Ao analisar minuciosamente as três Propostas Pedagógicas, a original em pouco difere das duas redações seguintes. Das quatro ênfases da 1ª redação (Física, Biofísica, Química e Materiais) as duas últimas foram suprimidas na 2ª redação para se aprovar de qualquer jeito para o Vestibular do ano passado, e na 3ª redação retornou-se com a ênfase de Materiais e mudou-se o nome da ênfase de Biofísica para Bionanotecnologia. Mas em nada mudou a estrutura do texto, como se as congregações fossem instâncias meramente simbólicas, deixando a impressão de que o projeto é intocável. Fato apoiado pela ausência de documentação de como foi constituída a Comissão de Trabalho que elaborou o projeto, da qual se deve ponderar se é legítima. Em um email em anexado logo após o parecer, o prof. Rodrigo Barbosa Capaz esclareceu que a Comissão surgiu espontaneamente e pediu aval aos Diretores das Unidades. Que é estranho, pois além de não estar documentado no processo, é um desagravo ao Regimento Geral da UFRJ que determina que a proposição de novos cursos é uma atribuição dos Conselhos de Centro e, portanto, só após as deliberações dessas instâncias seriam válidas a construção de um Projeto Pedagógico e a indicação dos professores para escrevê-lo. Ao que consta no processo, a proposta chegou totalmente formulada ao Conselho de Centro do CCMN, e não há qualquer apreciação dos Conselhos do CT e do CCS que são representativos de Unidades envolvidas.
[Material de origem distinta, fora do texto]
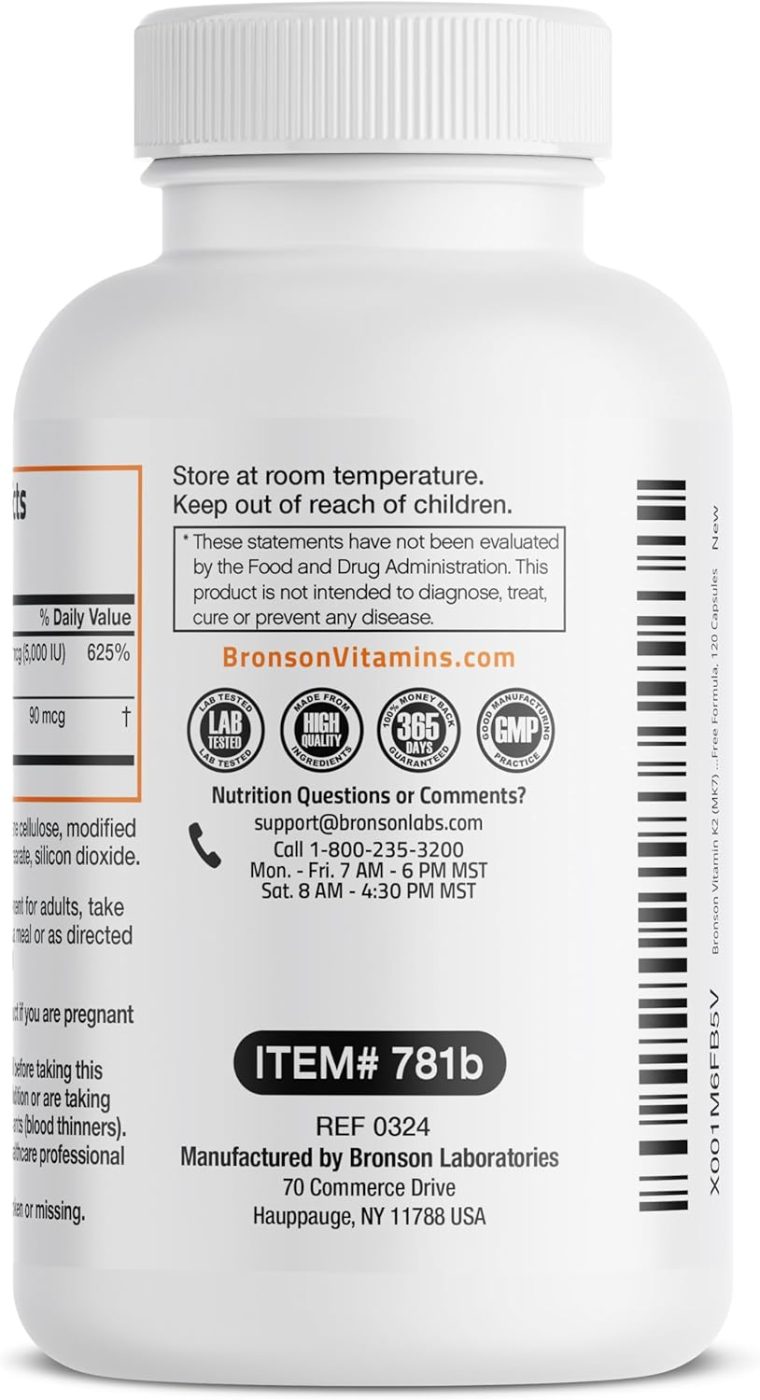 Bronson Vitamin K2 (MK7) with D3 Supplement Non-GMO Formula 5000 IU Vitamin D3 & 90 mcg K2 MK-7 Easy to Swallow D & K Complex, 120 Capsules - Image 7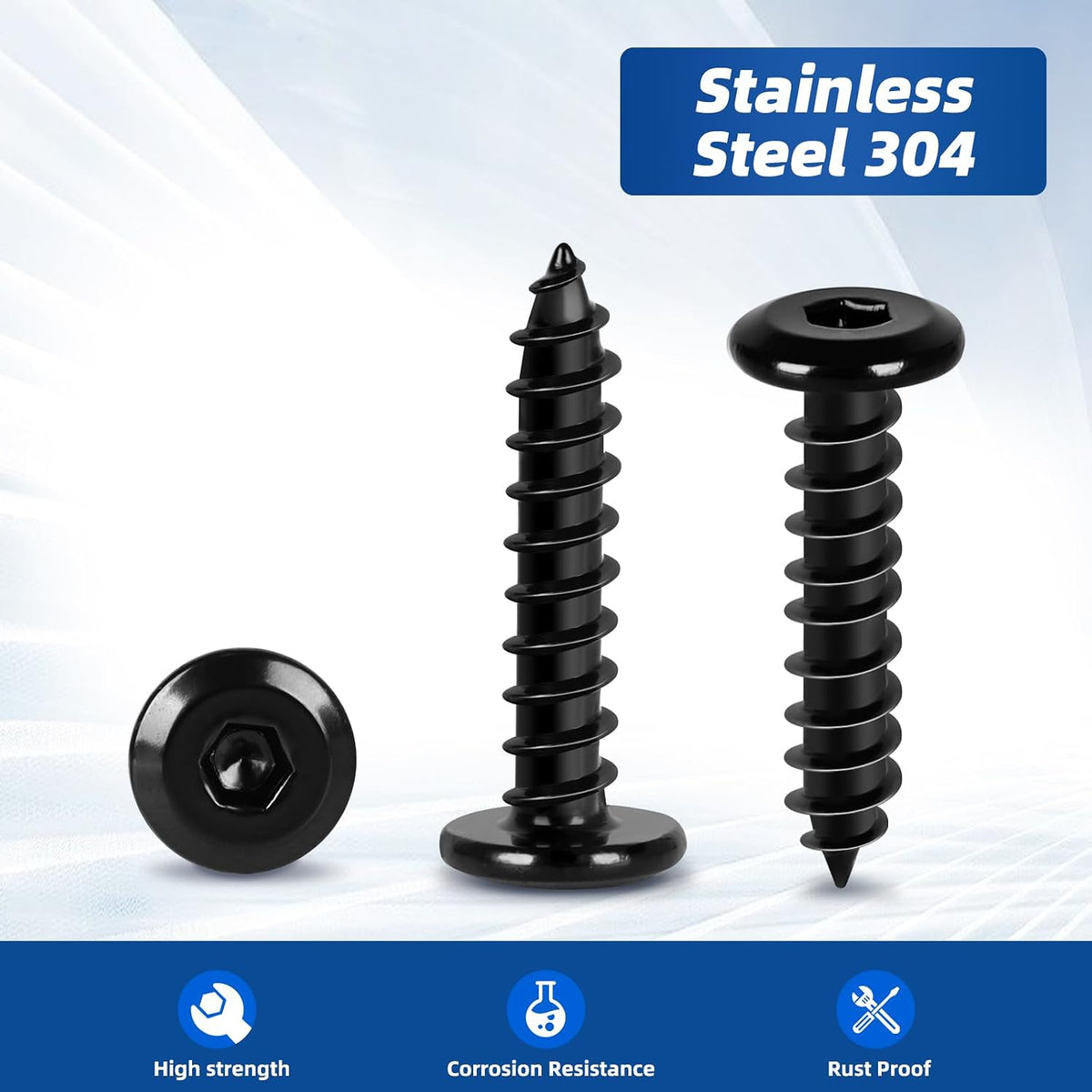 M4 x 30mm Flat Head Socket Cap Self Tapping Screws, Countersunk Wood Screws, 304 Stainless Steel 18-8, Allen Hex Drive, Black Finish, 50 PCS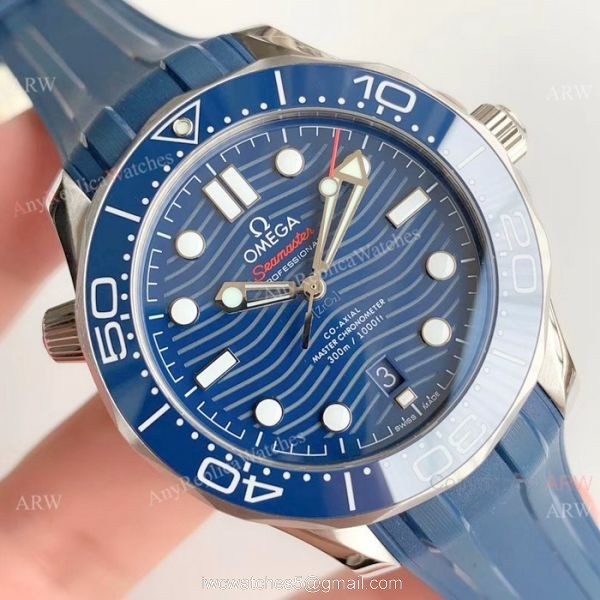 (OM Factory)Omega Seamaster 300 Replica Watch SS Blue Rubber Strap 3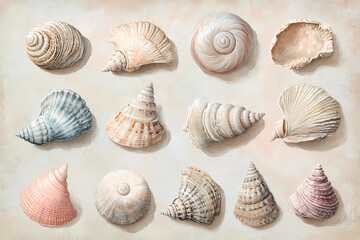 Sch&ouml;ne Muscheln in Pastellfarben auf neutralem Hintergrund

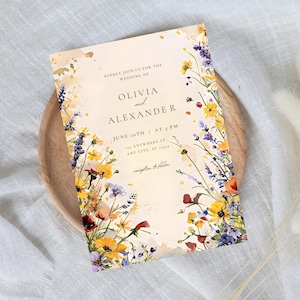 Watercolor Wildflower Wedding Invitation, Floral Wedding Invite, Elegant Floral, Watercolor Flowers, Elegant Wedding Invite Template, Canva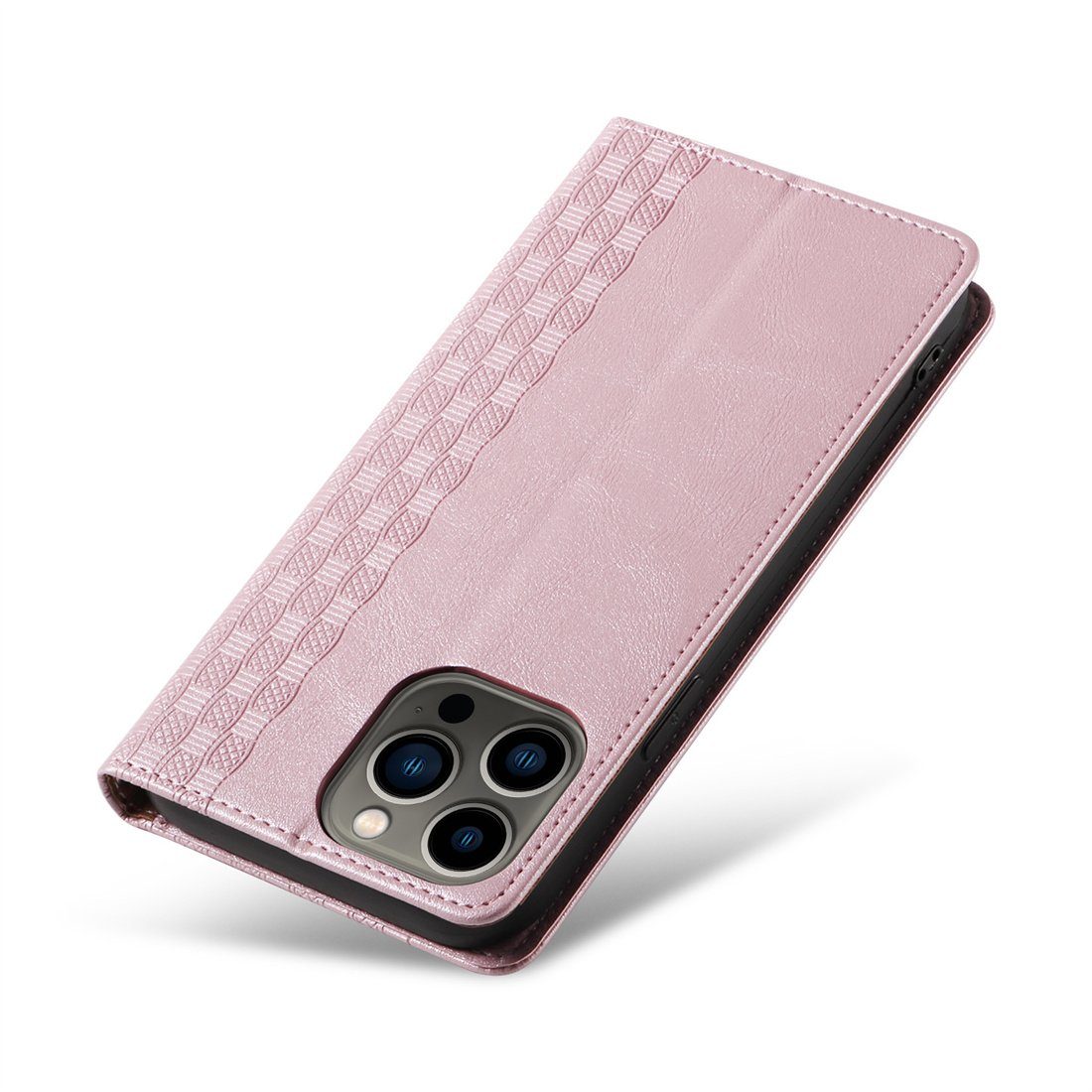 DÖRÖY Handytasche iPhone Handytasche Ledertasche pro, Flip-Tasche, geprägte Rosa 15 für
Outra questão obtusa é a “simbiose” com o INMETRO, que embora amplamente citada ao longo do processo, não há sequer um memorando assumindo qualquer responsabilidade por parte daquela instituição. Esta questão gerou uma crise entre o Instituto de Química e o Instituto de Física, que precisa ser conciliada antes da aprovação deste curso caso contrário estará comprometido. O IQ argumenta que há motivações políticas para formação de mão-de-obra para o INMETRO e que os protocolos formais de criação de novos cursos não foram seguidos e que a própria Interdisciplinarida de também é contestável pela carência de Bioquímica I no currículo básico substituída pela disciplina menos pertinente Bioquímica de Macromoléculas. E ainda por considerar que a ênfase de Química teria as mesmas incumbências profissionais do Químico com Atribuição Tecnológica por sobreposição do conteúdo dos currículos com exceção de três disciplinas que podem ser cursadas como eletivas, assim causaria problemas com o Conselho Regional de Química (CRQ), que levou, então, à congregação do IQ a votar pela retirada desta ênfase. Esta posição deve ser respeitada por ter sido a única Unidade que democraticamente discutiu o curso de Nanotecnologia em todos os seus Departamentos.

Logo em seguida, vem a resposta da Comissão de Trabalho – que estranhamente adquiriu caráter de instância e pôde sair anexando documentos ao processo – que se contradiz ao longo de uma carta, que primeiro faz o discurso de que as unidades tinham que sair de seus “compartimentos” e enxergar o lado de fora e, depois, que não enxergaria os Conselhos e demais Entidades de Classe. Claro que os Conselhos e demais Entidades de Classe são instâncias burocratizadas que merecem repúdio por violar a Autonomia Universitária ao estabelecerem que os profissionais, além do diploma, precisam de suas carteiras e pagar lhes tributo. Só que fazer esta crítica apenas para facilitar a aprovação deste curso é puro oportunismo, para fazerem jus à palavra, seria interessante que abrissem um processo contra o Ministério do Trabalho para reverter esta determinação. E admitiram que a sobreposição de currículo das ênfases da Nanotecnologia com os referidos cursos tradicionais foi intencional, contra o qual se cita o grande imbróglio da Química Industrial e da Química com Atribuição Tecnológica que por possuírem a mesma incumbência profissional serão fundidas por determinação do CONSUNI a pedido do CRQ.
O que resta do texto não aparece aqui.